Senses: Children under the age of three explore and learn through their senses. To support development across all areas, use the following activities to engage and excite your baby or toddler.
- Listening Walk: Build awareness of the sounds of every day life. Take a stroll to a park or through your neighborhood. Help your child hone in on the sounds you're hearing, both natural and human-made. Explore every day sounds that interest your child, such as watching the dump truck work, or scouting out the nest of the bird in the tree.
- Packing Bubbles Pop Play: Tape down a sheet of packing bubbles and tiptoe or stomp across them.

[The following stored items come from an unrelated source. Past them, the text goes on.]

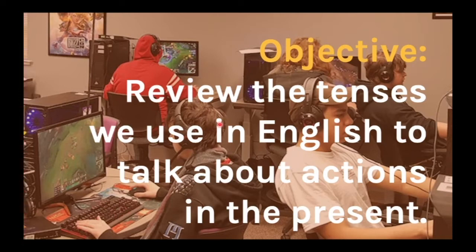For example: I drink coffee every day. I rest during the weekends. Or I'm drinking coffee right now.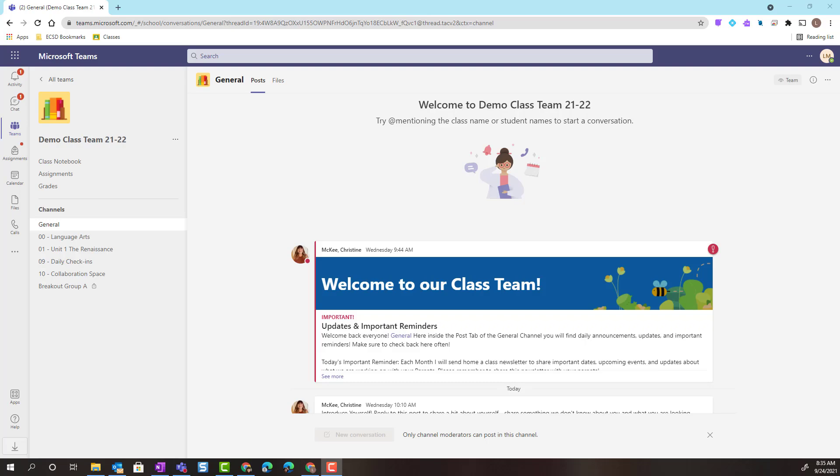Hey everyone, Christine McKee here from the Emerging Technology team. Let's take a closer look at a Microsoft class team from the student view or student perspective. Let's also explore how students can work on and submit assignments inside a class team.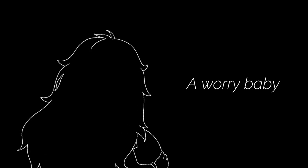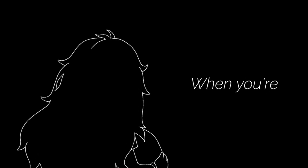Don't be a worried baby, no need to hurry, baby, when you're with me.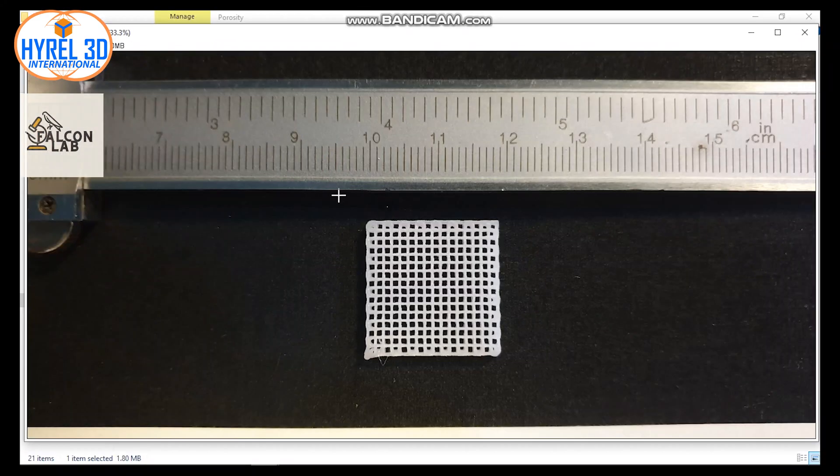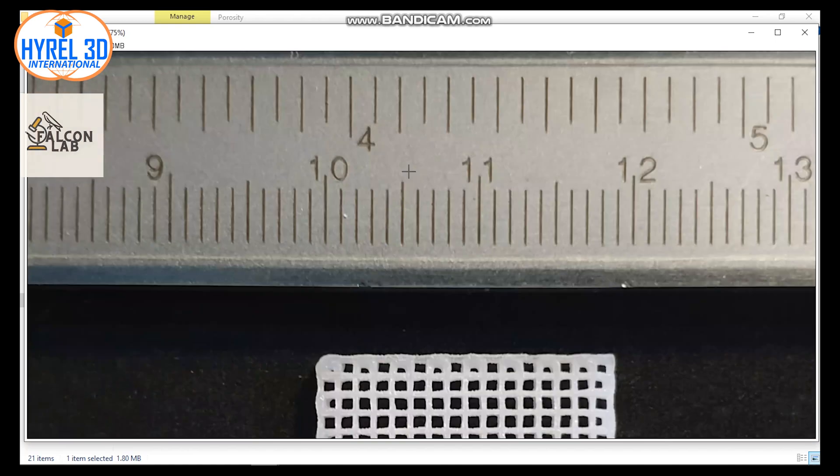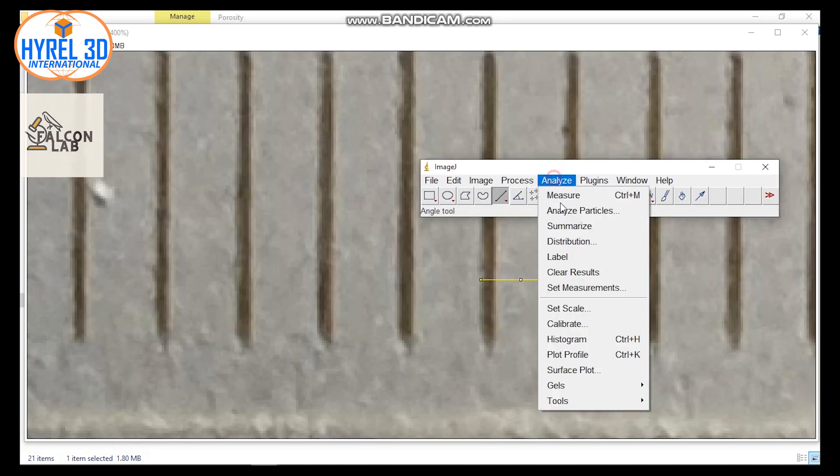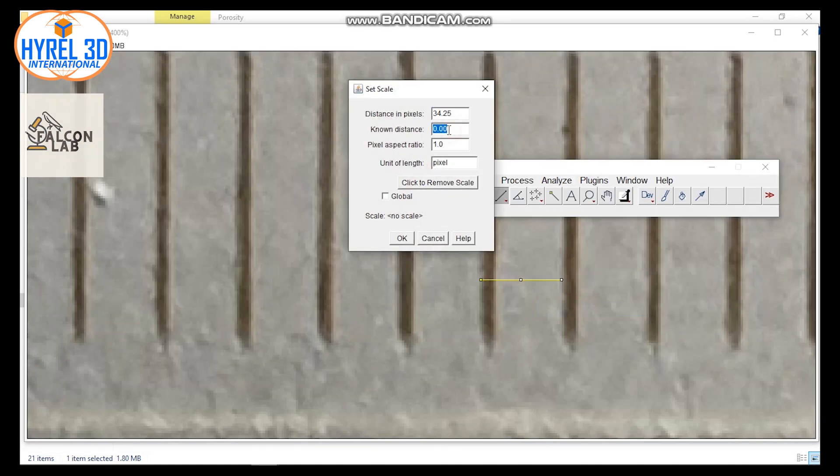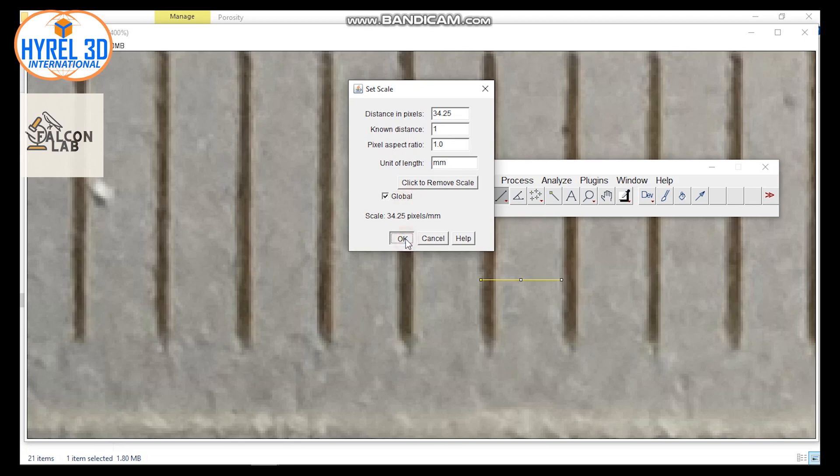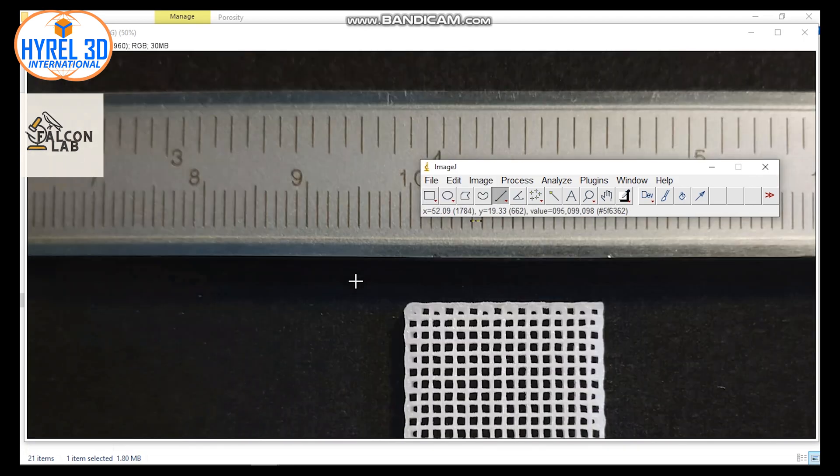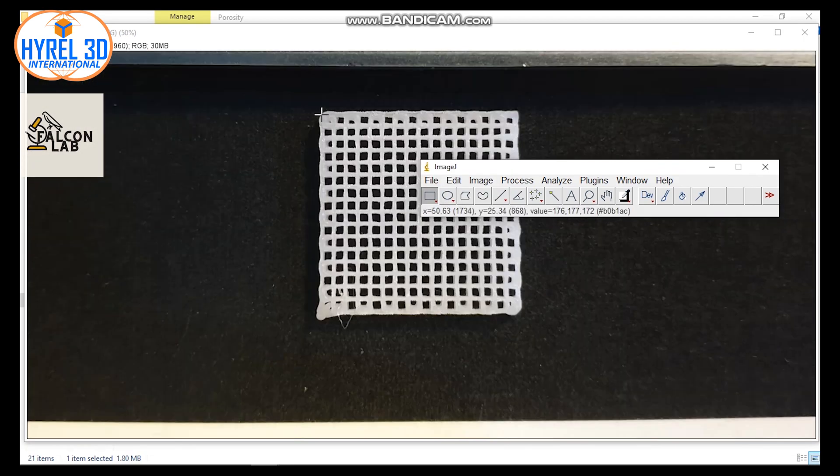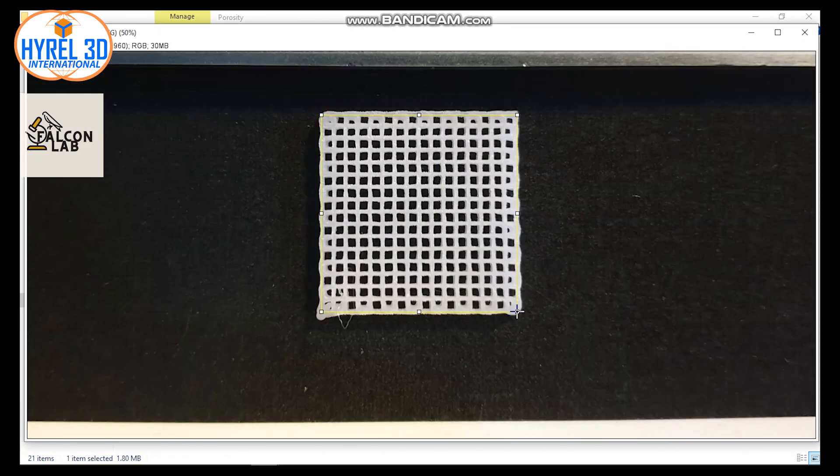Set up your scale. You can watch the previous videos on how to set the scale of your pictures. After setting up the scale, go to Image and press Adjust.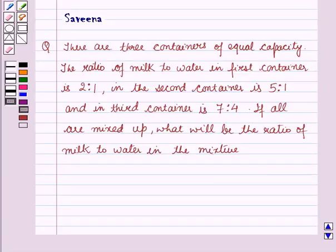Hello all and welcome to the session. Today the question is: there are three containers of equal capacity. The ratio of milk to water in the first container is 2:1, in the second container is 5:1, and in the third container is 7:4. If all are mixed up, what will be the ratio of milk to water in the mixture?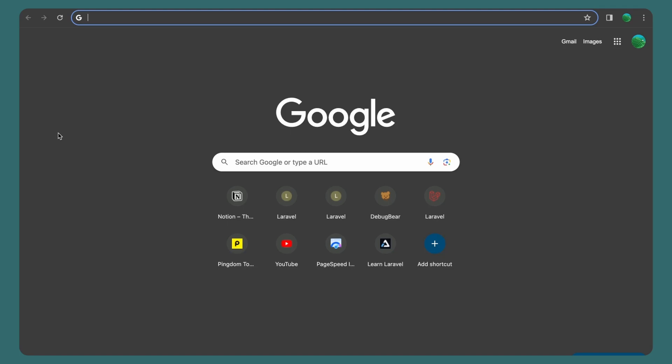Hello friends, Tony here, welcome. In this video I'm not going to talk about Laravel but I'm going to talk about AI, and specifically Ollama — not ChatGPT or Gemini from Google.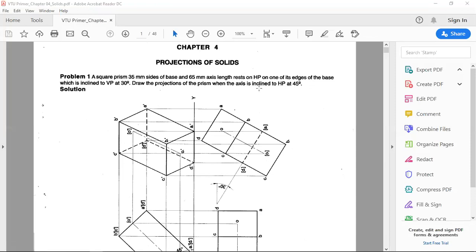The second position is always with respect to the axis inclination — axis inclination with respect to HP. The axis is inclined to HP at an angle of 40 degrees. The third position: the edge of the base is inclined to VP at 30 degrees. That is what was discussed in the last class.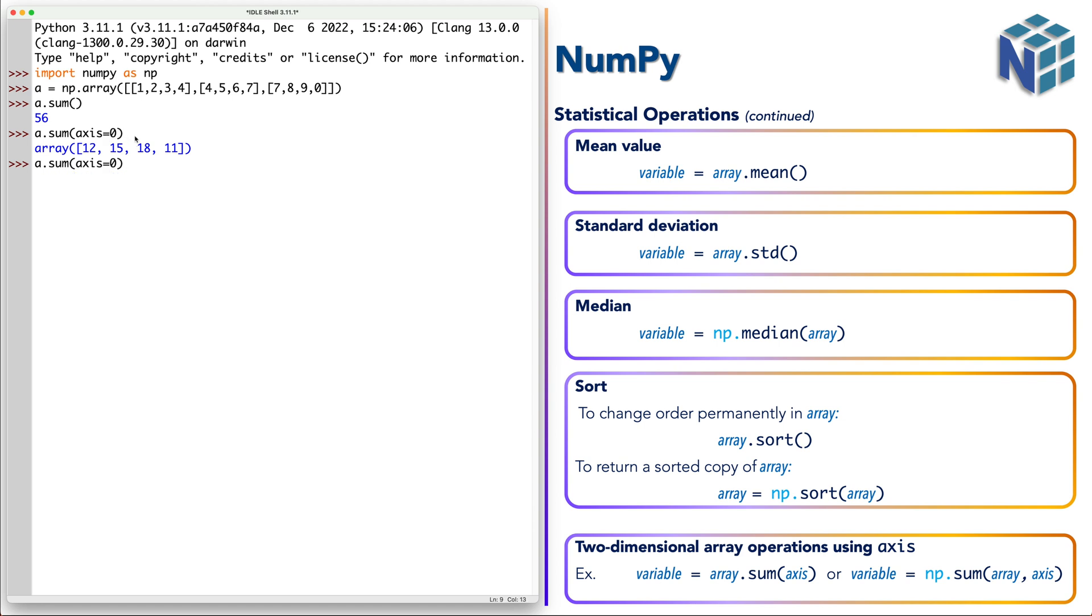So if we define axis 1, it will return the sums of each row.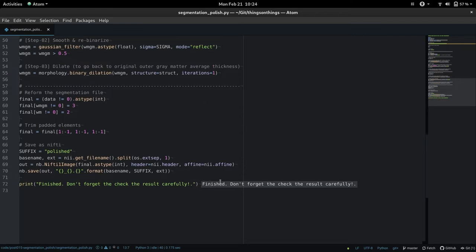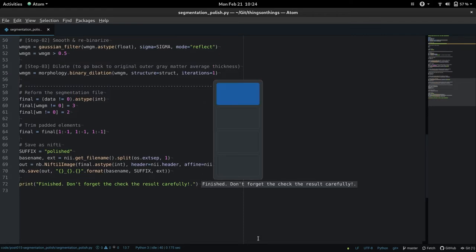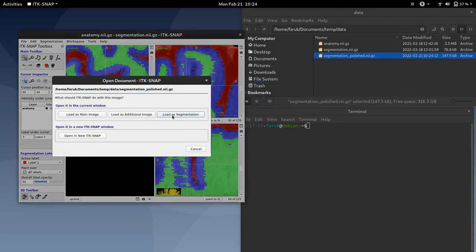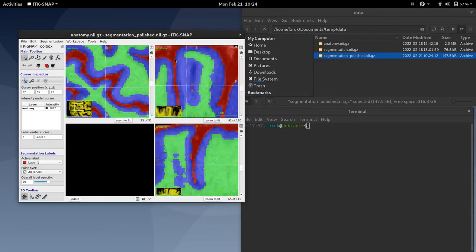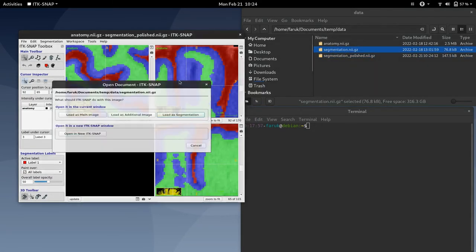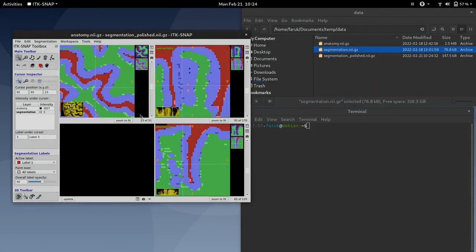Okay, finished. Don't forget to check the results carefully always. So here I am loading this file. Maybe I can load it as an additional image here.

How many can your child pop?
- Shake, Rattle, and Roll: Experiments with sounds provide your baby with basic lessons about music.
- Fun With Wrapping Paper: Captivate your child with the sights and sounds of these crinkly activities.
- Sound Discrimination: Pour unpopped popcorn, dry beans, dryrice or dry noodles into a cleaned water bottle. Glue gun or crazy glue on the top — or ensure the cap is fitter tightly closed. Place the bottle in a clean sock. Let your child explore the different sounds.
- As he gets older, can he guess what is in the bottle without looking?
- Make two of each kind and see if your child can find the match.
- Have your child shake the bottle out of the sock and then inside the sock and talk about the differences you hear.